How it Came to be Underrated: During Sturges’s career, all of his movies were underrated. Only years later, with the rise of home video, did his reputation finally catch up to (and perhaps even surpass) the other breakthrough writer-directors of the ‘40s, John Huston and Billy Wilder. Now his early movies are justly praised (though they could hardly be overpraised), but viewers quickly realized that Sturges later career was largely disappointing, and those films are still little-seen. For the most part, that’s for the best, but there are a few exceptions and this is the best of them. This late masterpiece is a diamond in the rough.
Why It’s Great:
- I mentioned before how much I loved Mark Harris’s book “Pictures at a Revolution”, a behind-the-scenes portrait of the best picture nominees of 1967. As the peevish star of Dr. Dolittle, Rex Harrison becomes the villain of that book, condemned as a boorish cad who had outlived his prime and overstayed his welcome in Hollywood. The portrait is so deliciously wicked that I never wanted to like Harrison again. But I had forgotten how much I love his performance here, where he gives the most egoless portrait of egomania I’ve ever seen. No one can summon up a state of high dudgeon like Harrison can, and yet, the more pompous the character becomes, the more abjectly pitiful Harrison makes him. It almost makes me forgive all the horrible things Harris said about him.

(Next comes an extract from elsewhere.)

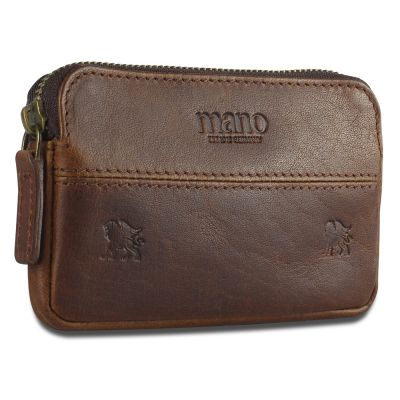 Ключница Mano Don Leon, натуральная кожа в коричневом цвете, 12 х 7 см-2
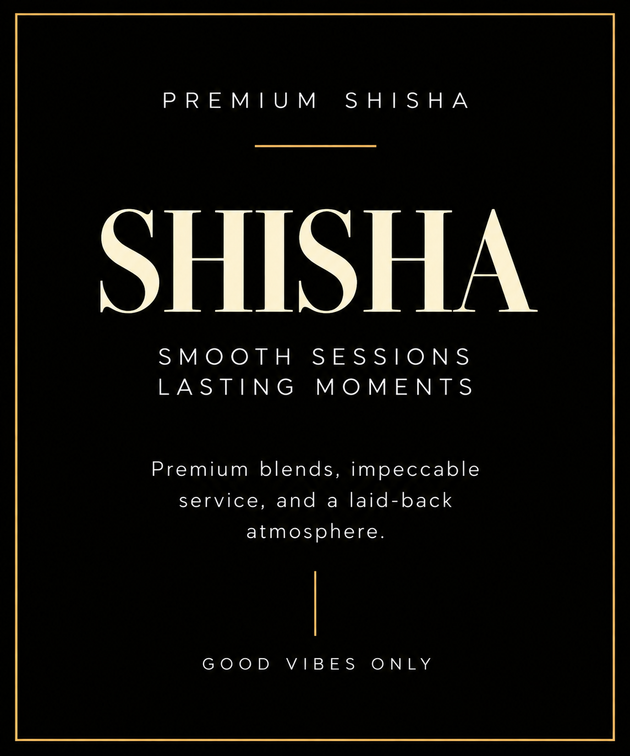 Shisha lounge setting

- Sturges's gift for zippy dialogue is undiminished: "I seriously doubt that you played Russian Roulette ‘all the time’ with your father!"
- Even couched in a fantasy sequence, the eventual explosion of violence is truly shocking. This movie tips over the simmering cauldron of panic roiling away inside the light screwball comedies that launched Sturges’s writing career. In that way, it’s like two other movies from the same period, Charlie Chaplin’s Monsieur Verdoux and Billy Wilder’s Ace in the Hole, but the misanthropy of those films seemed a little curdled, as if the directors had held onto it a bit too long, or felt it a bit too deeply. Chaplin and Wilder made those movies to implicate their audience, but Sturges is only interested in implicating himself. He’s decided that he’s ready to admit a bit of truth: sometimes, the war of the sexes can take casualties, and madness isn’t always divine.
- When Harrison actually tries to enact his imaginary scenarios, he realizes that he has been the ultimate bad writer— he has forced the endings, refusing to allow his ‘straw man’ villains to surprise him. His fantasies fail when real life turns out to be more humiliating than his most morose self-deprecations, and yet somehow more empowering than his most grandiose heroic fantasies. The problem with imposing one’s vision on the world is that what one needs to hear often turns out to be more valuable than anything one has to say.
Underrated Compared To: Sturges’ best films. It deserves a place alongside them.
If You Like This, You Should Also Check Out: That said, every man, woman and child should watch Sturges’s best, including (but not limited to) The Great McGinty, The Lady Eve, Sullivan’s Travels (great last line!), and The Miracle of Morgan’s Creek.
How Available Is It?: It’s on dvd and available to Watch Instantly. Do not rent the 1984 remake starring Dudley Moore!
Today’s Post Was Brought To You By: 10 Pleasant Minutes a Day!
5 comments:
Too late - I already saw the Dudley Moore version. NOT one of the most underrated movies - it deserves all our scorn.
I like this choice (which I haven't seen) because most people know Rex Harrison from My Fair Lady but aren't likely to know this. Well played!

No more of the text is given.